Жить по воле случая, согласно уже сделанному утверждению, — это единственная возможность жить, так почему бы с тем же или с большим основанием (поскольку меньшее содержится в большем) не писать, положась на случай? Достаточно со слезами умиления подумать о поэтах начала девятнадцатого века, рассказывавших в поэмах какие-нибудь истории, перемежаемые время от времени собственными соображениями, фактами из личной жизни и прочее, так что уже невозможно понять, о чем они пишут... Что ж, может, у кого-то и возникало желание им подражать, кто-то, получше с ними познакомившись, находил у них единственно приемлемый или наименее лживый литературный метод.

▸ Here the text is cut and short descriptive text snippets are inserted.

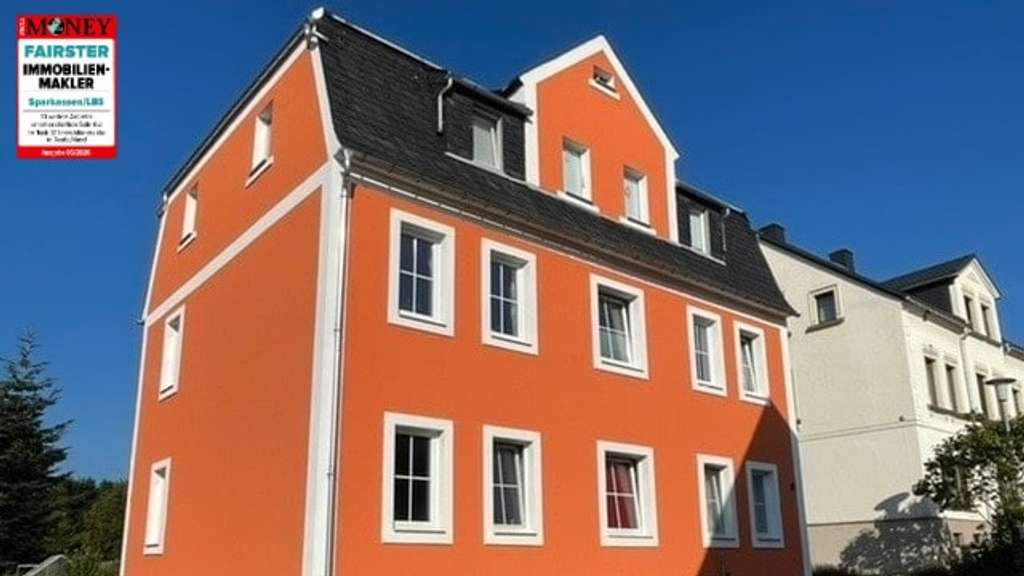 Immobilie in Börnichen - Anlageobjekt in Börnichen- vollvermietet - Bild 1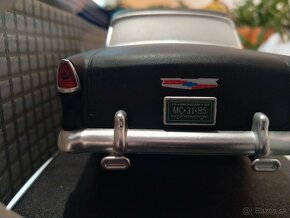 Predám Chevy Bel Air 1955 1:18 - 4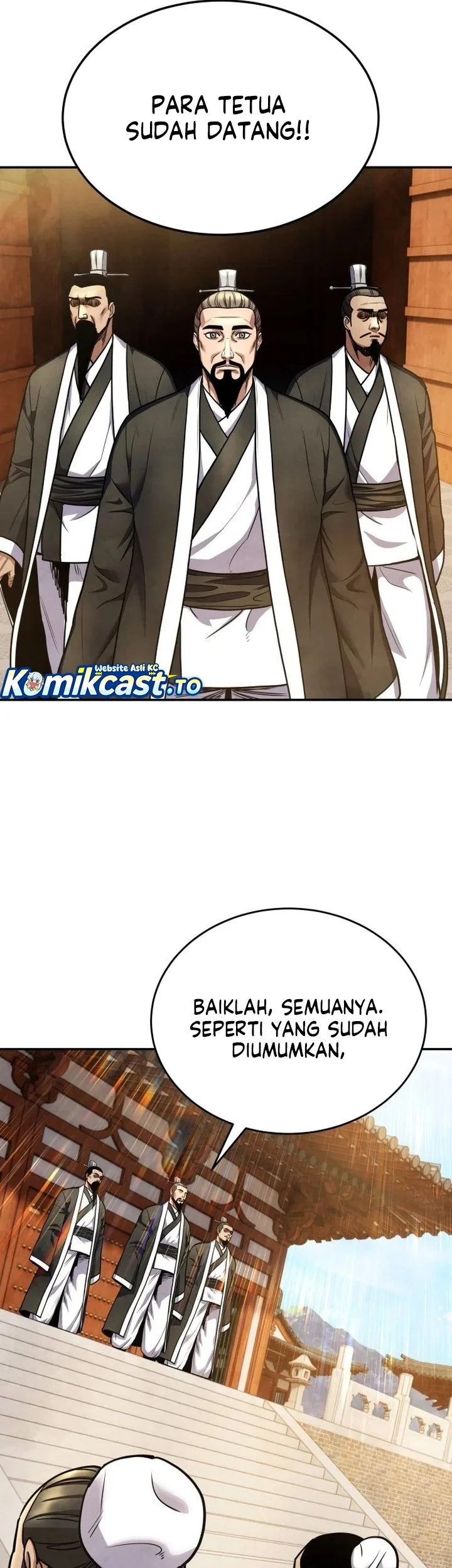 Guest Gun (Embodiment of the Assassin in the Murim World) Chapter 64 Gambar 76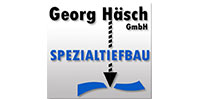 Kundenlogo Häsch Georg GmbH Spezialtiefbau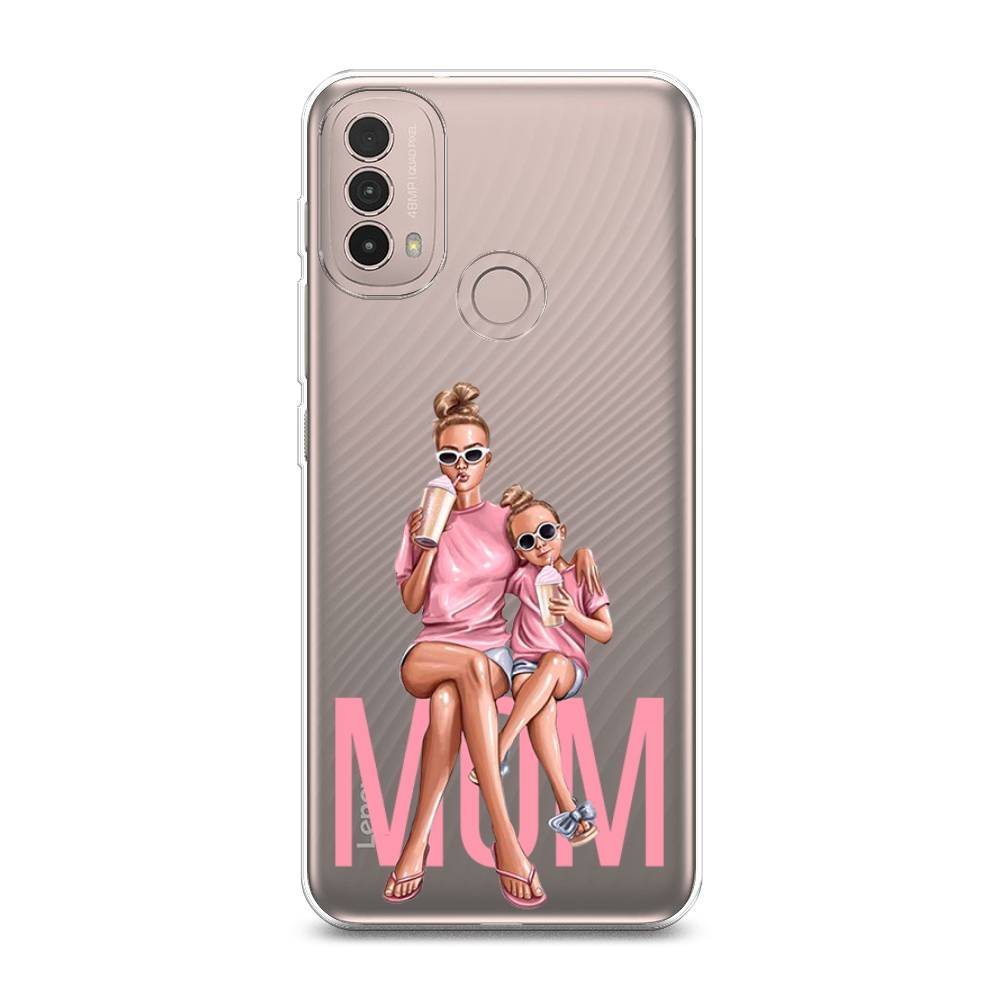 

Чехол Awog на Lenovo K14 Plus / Леново K14 Плюс "Lovely mom", Разноцветный, 113450-7
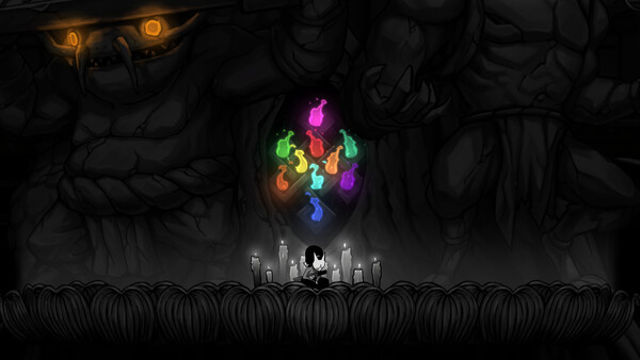 Hình ảnh gameplay Gurei-TENOKE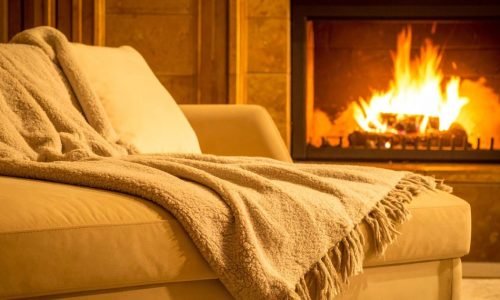 Segurança: Evite erros comuns ao usar aquecedores e lareiras neste fim de semana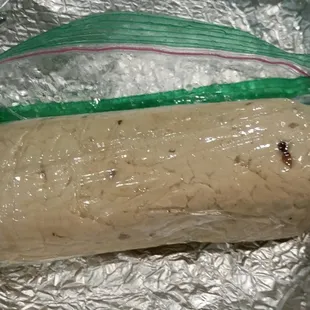 Vegetarian Vietnamese ham $6
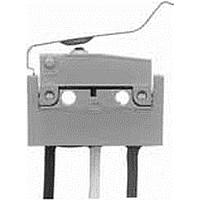 Panasonic Industrial Devices ABS161840 Snap Action Switches SPDT Leaf LVR Wire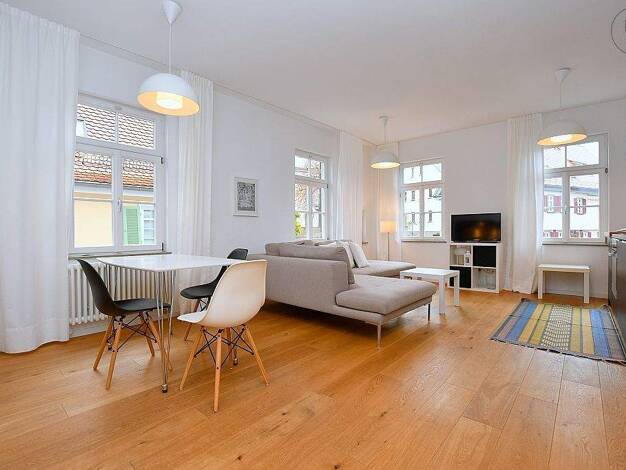 Wohnung zur Miete Wohnen auf Zeit 1.290 € 1,5 Zimmer 42 m² frei ab 01.05.2026 Weilimdorf Stuttgart 70499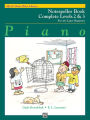 Alfred's Basic Piano Library Notespeller Complete, Bk 2 & 3: For the Later Beginner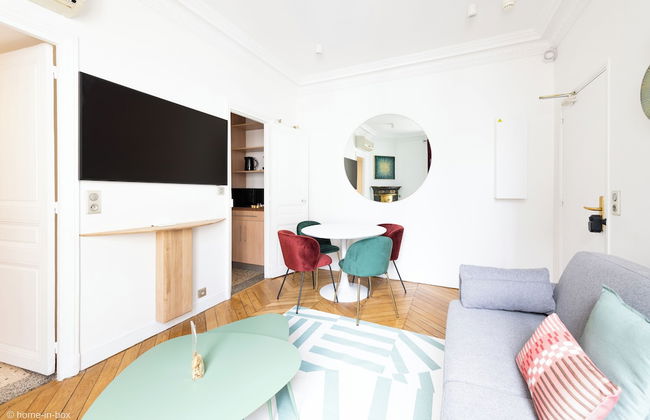 HotelHome Paris 16 - Foto 35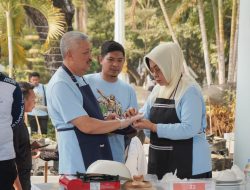 Bupati Ikut Jalan Sehat Rangkaian HUT Sulsel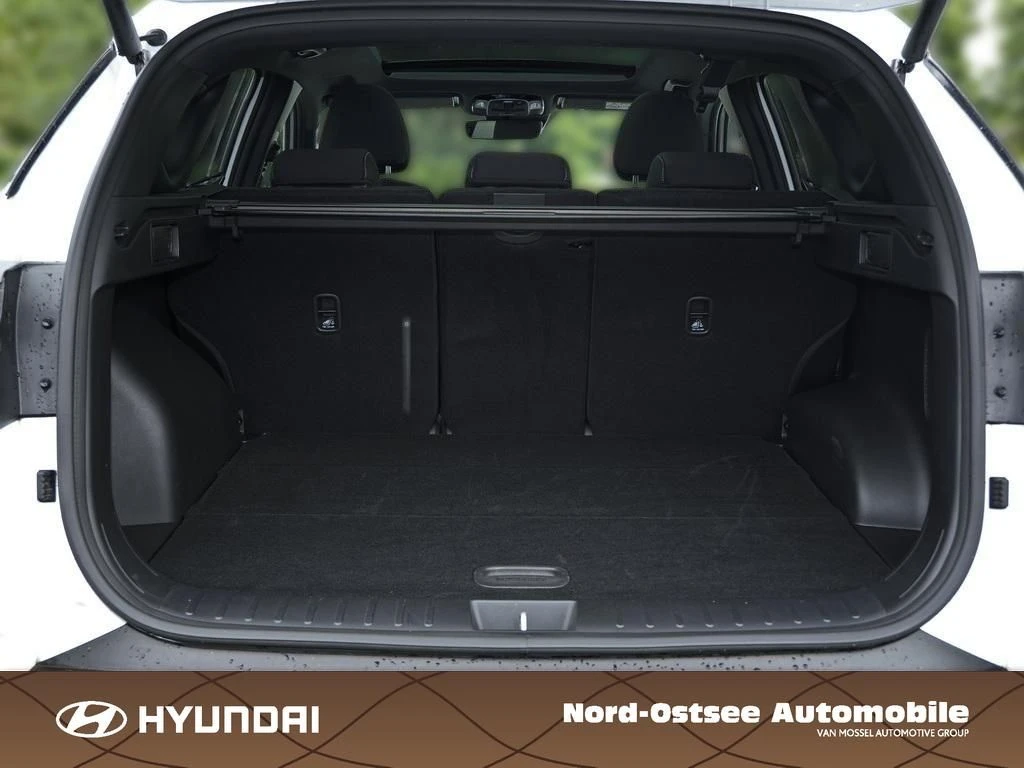 Hyundai Tucson BLACKLINE NAVI KAMERA PANO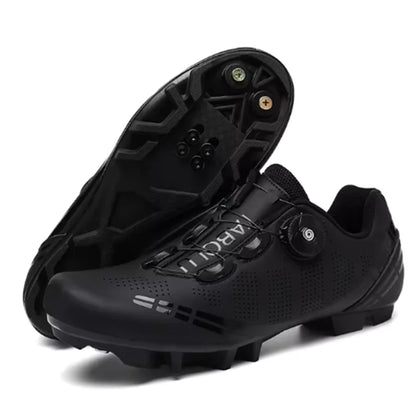 Breathable MTB Cycling Shoes — Men & Women Trail, Road & SPD Pedal Bike Sneakers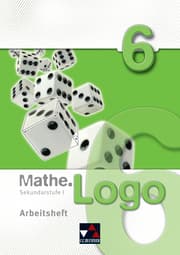 Cover von Mathe.Logo - Thüringen Gymnasium/Thüringen Regelschule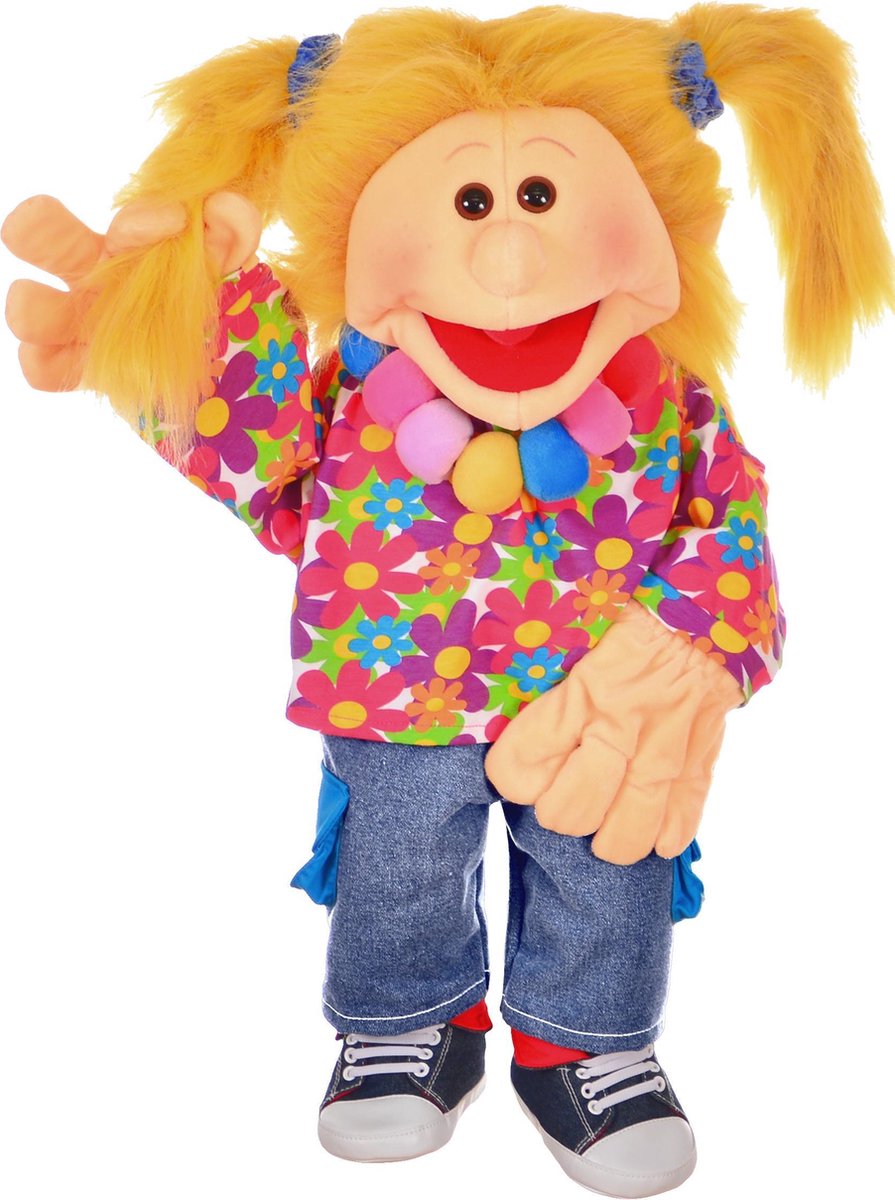 Living Puppets Handpop Tessa 65 cm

Что и говорить, величественно и торжественно движется вперед вельможная карета, запряженная четверкой, а может, шестериком нормандских коней с шерстистыми бабками; скрипит, качается и трясется наша колымага, влекомая одной жалкой клячей, которая ко всему прочему то ли из-за грязи, то ли из-за разъезженной колеи едва передвигает ноги и спотыкается на каждом шагу. Что же до возможного пассажира, то если в первом случае ягодицы его и подпрыгивают на сиденье, то по крайней мере в ровном, успокаивающем ритме; здесь же его бросает из стороны в сторону, он подскакивает на ухабах так, что отбивает себе весь копчик, а когда лошаденка окончательно выбивается из сил, мы слезаем с козел, чтобы помочь ей тянуть колымагу, и, перебирая спицы руками, крутим колеса... Но в общем, обливаясь потом, богохульствуя и ругаясь, куда-нибудь — пусть и с огромным опозданием — доберемся и мы... А может, нет? Как увидим дальше, на сей счет у нас большие сомнения.